For the past year, he has led a variety of efforts in his home country, including integrated coastal management, small islands management, coastal spatial planning, marine conservation, economic development and empowerment within coastal communities.

He works closely with the Indonesia Coastal Resources Management Project (CRMP). A joint project of the Indonesian government and the U.S. Agency for International Development, CRMP is implemented by the University of Rhode Island’s Coastal Resources Center.

“We have learned a lot about local coastal zone management in different places, such as Hawaii and North Carolina,” he says.
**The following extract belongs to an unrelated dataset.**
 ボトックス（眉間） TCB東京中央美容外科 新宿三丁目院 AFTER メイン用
Topics include how to utilize “set backs” and “retreat” methods.

“We now are more convinced that through decentralization of control over coastal resources, our coastal beaches will be managed in better ways,” he adds. “However, we can be successful only by increasing the capacity of our government staff, coastal residents and citizens and nongovernmental organizations, etc.”

Science and Policy

Sosroprajitno, who received his doctorate in agricultural economics from the University of Hawaii, explains that he offers a dual perspective.
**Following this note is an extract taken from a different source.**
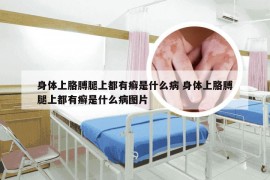 身体上胳膊腿上都有癣是什么病 身体上胳膊腿上都有癣是什么病图片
“I have two feet — one in science and one in politics,” he says. As vice chair of the commission in parliament that includes marine affairs, he will lead much of the debate on new coastal legislation.

Blending science and policy is a challenge for Indonesia. After decades of authoritarian rule, the Indonesian Parliament is moving the country toward a decentralized government.

The political changes are not so dramatic in North Carolina. But, connections between science and policy decisions are equally important here.

“Regulatory agencies benefit from working with university researchers. Sea Grant provides that critical link through education and outreach programs,” says Walter Clark, Sea Grant’s coastal law and policy specialist.

That format is a model for many countries. “Having a Sea Grant Program will be nothing short of phenomenal in Indonesia,” says Maurice Knight, director of CRMP.

The U.S. tour reveals that while Sea Grant and Coastal Zone Management are national efforts, states must develop programs that respond to unique needs.

“Indonesia is very eager to begin these types of local management approaches,” says Stacey Tighe, CRMP senior technical advisor.

Indonesia has the second longest coastline in the world with 82,000 kilometers of coast. More than 60 percent of Indonesia’s 220 million people live within 50 kilometers of the coast.

The country’s vast marine resources include more than 70 genera of hard corals — and the island chain is touted as the “bull’s eye” of highest marine biodiversity on earth. However, only about 7 percent of Indonesia’s coral reefs are considered in pristine condition.

About 24 percent of Indonesia’s gross domestic product comes from marine products and industries. As traditional forest resources are depleted, emphasis is shifting to marine and coastal resources.

N.C. Itinerary

On Topsail Island, the Indonesian group meets not only with the Surf City officials, but also with representatives of the N.C. Division of Coastal Management (DCM). Topics include erosion rates and setbacks, even storm-related emergency policies.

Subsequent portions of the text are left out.